◆ TASK DIRECTIONS ◆
For this exercise, output the entries below exactly from the line that holds "2 or 12pc Swarovski" to the line that holds "120 At the VIP", both ends included. No pictures belong in the copy.

◆ DATA RECORDS ◆
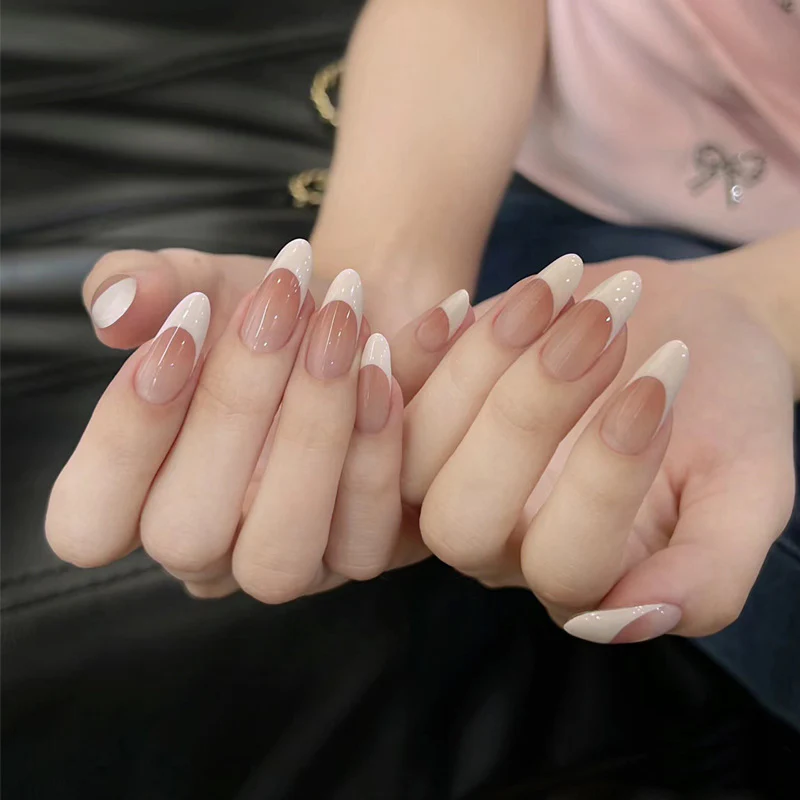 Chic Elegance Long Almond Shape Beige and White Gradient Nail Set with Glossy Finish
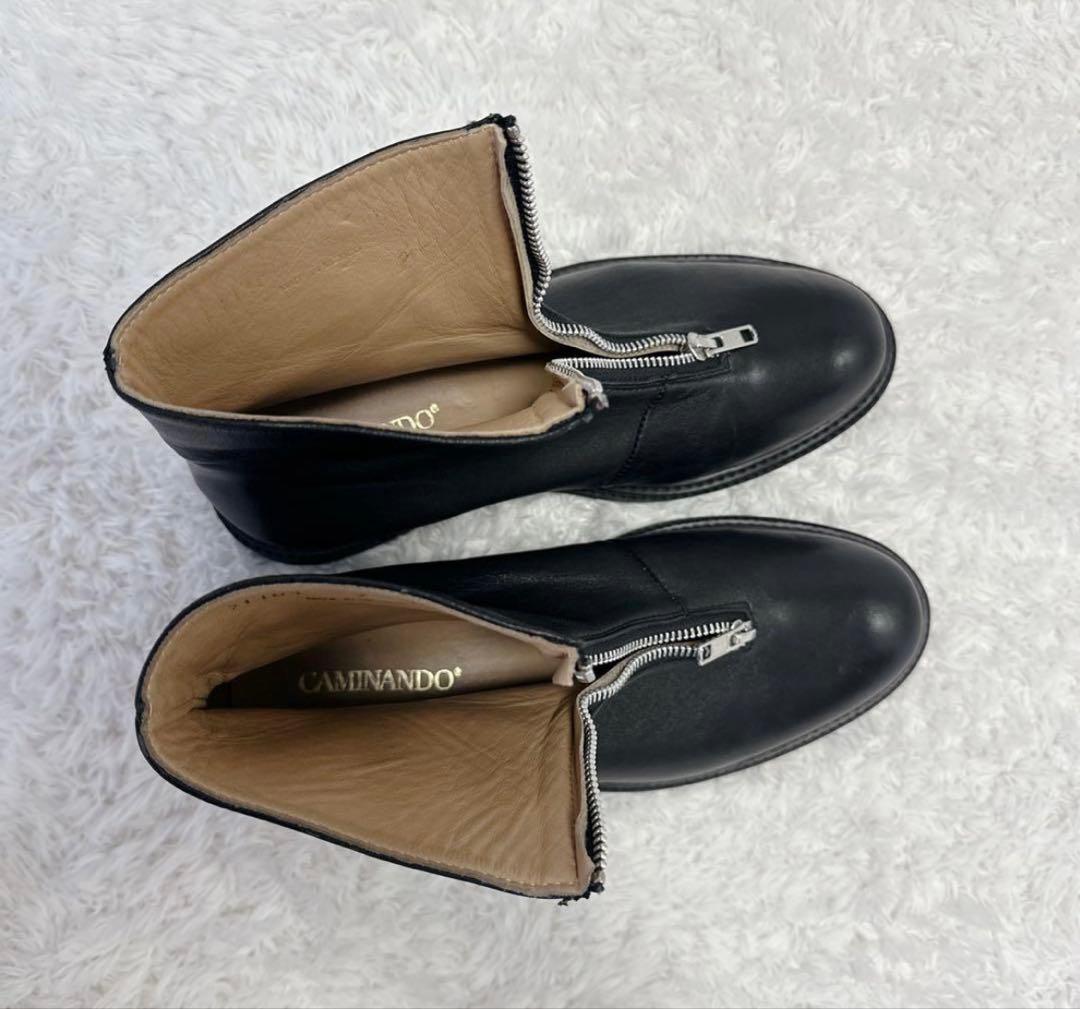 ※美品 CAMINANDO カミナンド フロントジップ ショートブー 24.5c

--

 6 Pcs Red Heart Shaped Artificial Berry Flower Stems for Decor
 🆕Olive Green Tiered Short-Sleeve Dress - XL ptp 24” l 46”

...

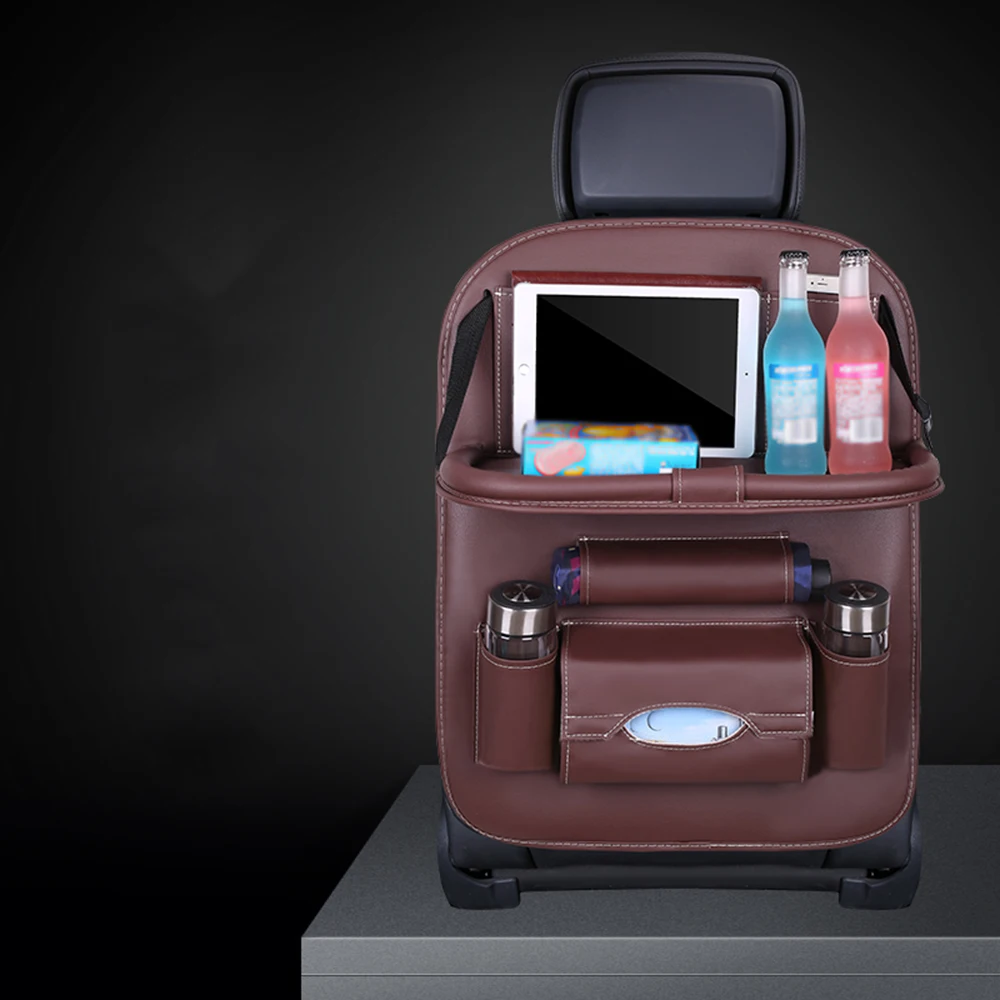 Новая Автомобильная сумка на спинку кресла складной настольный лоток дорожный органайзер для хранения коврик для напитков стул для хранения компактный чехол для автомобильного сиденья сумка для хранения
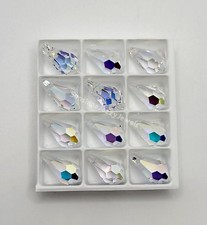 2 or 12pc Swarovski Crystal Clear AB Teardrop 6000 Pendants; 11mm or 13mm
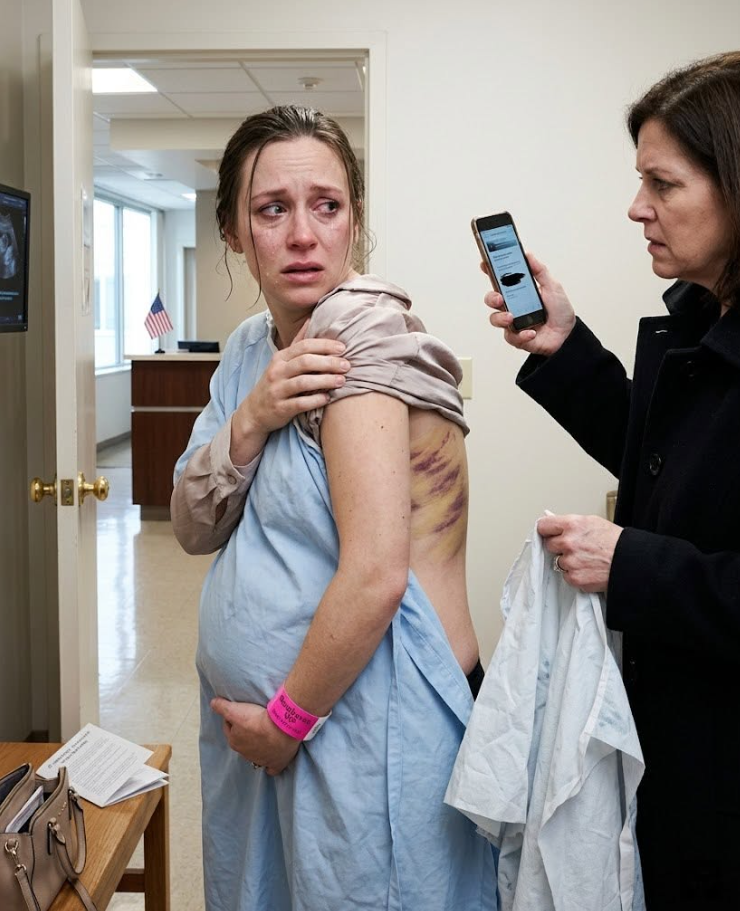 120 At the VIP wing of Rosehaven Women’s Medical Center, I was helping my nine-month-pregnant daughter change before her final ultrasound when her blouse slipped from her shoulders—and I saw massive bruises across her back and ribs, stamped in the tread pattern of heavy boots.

◆ ANSWER BOX ◆
 2 or 12pc Swarovski Crystal Clear AB Teardrop 6000 Pendants; 11mm or 13mm
 120 At the VIP wing of Rosehaven Women’s Medical Center, I was helping my nine-month-pregnant daughter change before her final ultrasound when her blouse slipped from her shoulders—and I saw massive bruises across her back and ribs, stamped in the tread pattern of heavy boots.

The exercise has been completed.